A friend of mine who lives in Jerusalem was on his way to work on the morning of January 29. He was suffering the usual heavy morning traffic, three cars behind an Egged bus loaded with schoolchildren and commuters. Suddenly a huge explosion and ball of fire tore through the rear of the bus, ripping it to shreds and flinging bodies and body parts high into the air.

A young suicide bomber had boarded the bus a few stops earlier. He had left his Bethlehem home at four in the morning to carry out his deadly attack. His mentors and suppliers of the lethal device laden with metal balls, nails, and bolts were members of Yasser Arafat’s Fatah-linked al-Aqsa Martyrs Brigades.

As rescuers rushed to the scene, they saw ten bodies and more than fifty wounded scattered amid the wreckage. The count in both cases would rise over the next few days.

Such horrific atrocities are seen in the West only in short clips that provide glimpses of the scene after the victims’ remains have been removed. These images are far from what my friend witnessed from the windshield of his car.

The sanitized reports talk much of political frustration and offer reasons why these Arabs consider genocide a legitimate enterprise. Then there are the protestations, sincere or insincere, condemning the acts, often coming even from those behind the deadly bombings.

What reporters tend to obscure is the human side of the issue.
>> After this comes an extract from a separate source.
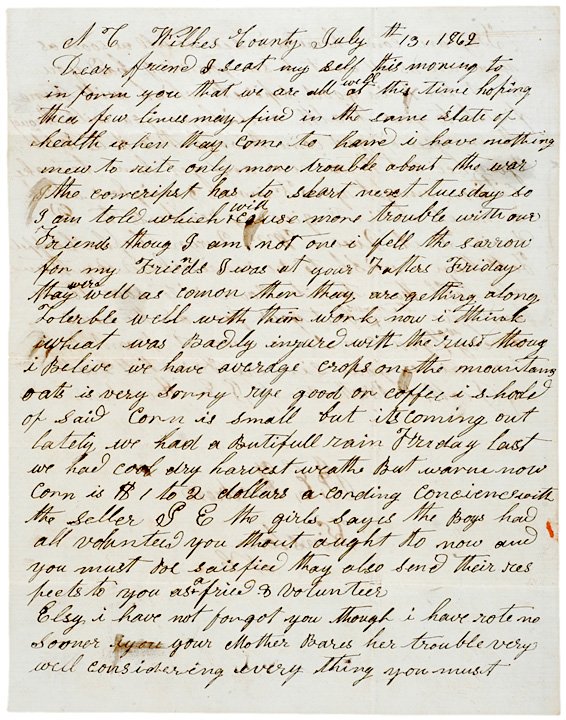 1862 Letter by Confederate Killed at Gettysburg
Virtually nothing is mentioned about the Palestinian victim who carries his backpack onto a bus and flips the switch on the detonator. Yes, he is a victim too—a victim of years of brainwashing and incitement in classrooms, summer camps, and vehemently anti-Israel mosques by unscrupulous leaders who promise paradise, a martyr’s welcome by Allah, and money that will enrich his family after he “sacrifices” himself.

Before his fall, Saddam Hussein and our allies, the Saudis, sent thousands of dollars to the families of suicide bombers.

Through notes and prerecorded videotapes left behind, to be exploited by those who feed these victims into the jaws of certain death, the bombers urge their families to celebrate their “heroism” and send candy to the people of their towns and villages.

The pathetic episodes are an inexpressible horror that should bring the wrath of civilized nations down on the purveyors of this newest weapon of war. But it doesn’t. Instead, there is silence or a sort of justification and placing of blame on the victims themselves. In this case, victims who were just trying to get to school.

But what brings these unspeakable atrocities into sharp focus is the immediate aftermath of such attacks. Everywhere are charred bodies, body parts, bits and pieces of human remains in the streets, on the storefronts, and on the faces of those who stood nearby. Innocent lives were cruelly snuffed out because they were Jewish and unfortunate enough to get on a bus at the wrong time and on the wrong day.

For one observer, this attack seemed different. As he ran to the scene to offer whatever assistance he could render, he heard the sound of dozens of cell phones scattered among the carnage, ringing endlessly.

“The cell phones,” he said, “wouldn’t stop ringing.”

That observation succinctly summarizes the depth of the tragedy that, for over the past three years of Arafat’s war on the Jews, has struck down more than one thousand innocent men, women, and children.

On one end of the relentless ringing were frantic parents, friends, or family members hoping to confirm that their child or loved one was all right. On the other end, lying in the bloodied street, were phones that would never be picked up. On one end life; on the other, death.

Sadly, that is only the beginning of the story. The next day come the funerals. The faces and lists of the dead appear in newspapers and on television. But the hardest blow of all is the finality of the event, starkly depicted in the echoes of the unanswered cell phones. That loss will stalk every day and night for all of the years to come.

You see, the story isn’t told by the remains of bombed-out buses—vehicles that can be replaced and service restored the next day. It is told by human casualties, who cannot be replaced. And if the mania and hysteria of war subside before the Lord brings it to an end, the casualty count will still be the same. And tears will continue to stain the faces of the innocent survivors.